Service Reload, thus, is an integral part of the deployment process and the smoother the process is, the easier is the life of the engineers. Over the years, multiple CI/CD tools have been developed to automate such deployment process and are adopted as per the requirements & expertise levels.
It is easier to attain the graceful reload of the HTTP services but the same is not true with NSQ consumers. The NSQ consumers stop as soon as they are reloaded and a new consumer spawns which then starts consuming the messages.
Now, the real question is:
Why do we need to perform the graceful shutdown of consumers? Aren’t the messages going to be handled by the newly spawned consumers?

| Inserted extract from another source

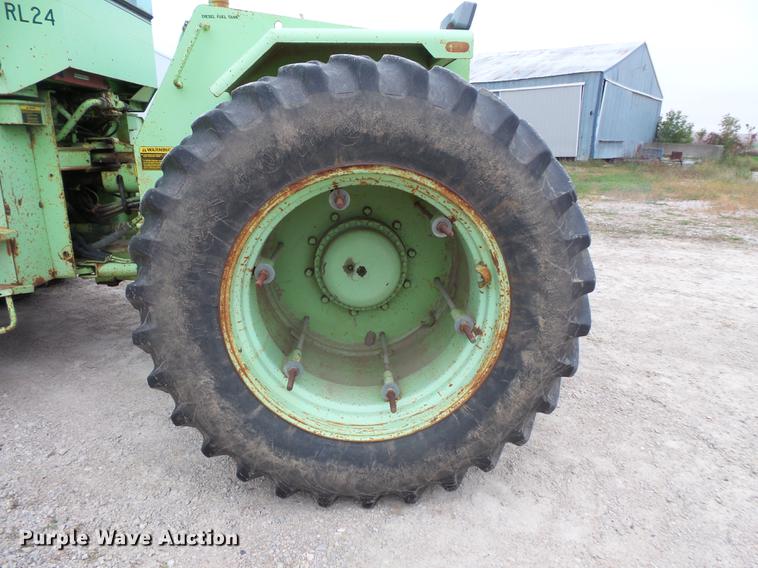 image for item FT9964 1985 Steiger Cougar CR1225 4WD tractor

The short answer is Yes but it does not have any impact only if the consumers are performing tasks that can be re-processed as per the business needs. However, it is not the case in most real-life situations. There are cases where the actions performed by the consumers need to be atomic or are scenarios where real-time processing is intended.
What to do?
System signals come to aid to achieve the graceful shutdown.

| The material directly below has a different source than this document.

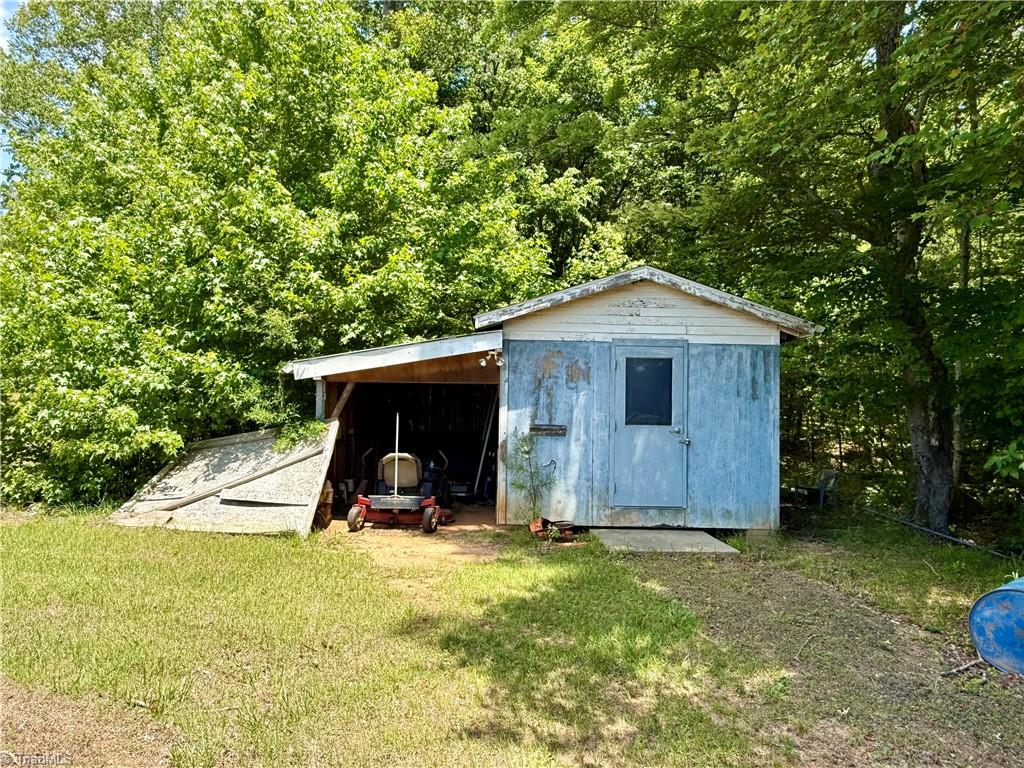 1177 Stone Mountain Road Stoneville, NC 27048 - Photo 8 of 50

When the service reload command is triggered, the system sends SIGHUP signal to the workers/consumers. Consumers are listening to this signal and waits until the handlers have processed the message in-flight. However, the daemon starts another consumer as well with the reloaded configuration.
When the signal is received, consumers perform the following actions:
1. Request handlers to not process the new messages
2. Wait until all the concurrent handlers have completed their processing
3. Stop the Consumer Gracefully
The concurrent handlers are configured to maintain the global count of handlers processing the messages. DoProcess maintains the state to decide if the message received needs to be processed or re-queued.
When all the handlers are done processing their messages, a notification is sent to stop the consumer.
The above implementation helps to perform the Graceful Shutdown of the consumers but leads to another complexity. When the messages are re-queued to NSQd, they are moved to
Deffered state and wait until the consumer is stopped. They are not being instantly picked up by another consumer.
To resolve the sticky behavior,
MaxInFlight for the current consumer is configured to
0. This informs NSQd that the consumer is no more able to receive any new messages and the messages are consumed by other consumers.
This implementation helped us to reload the consumers and process the requests received from clients in real-time without impacting the user experience.
NSQ Consumers are the background jobs performing a plethora of jobs. This implementation helps to keep the sanity of the already running processes while loading the new binaries.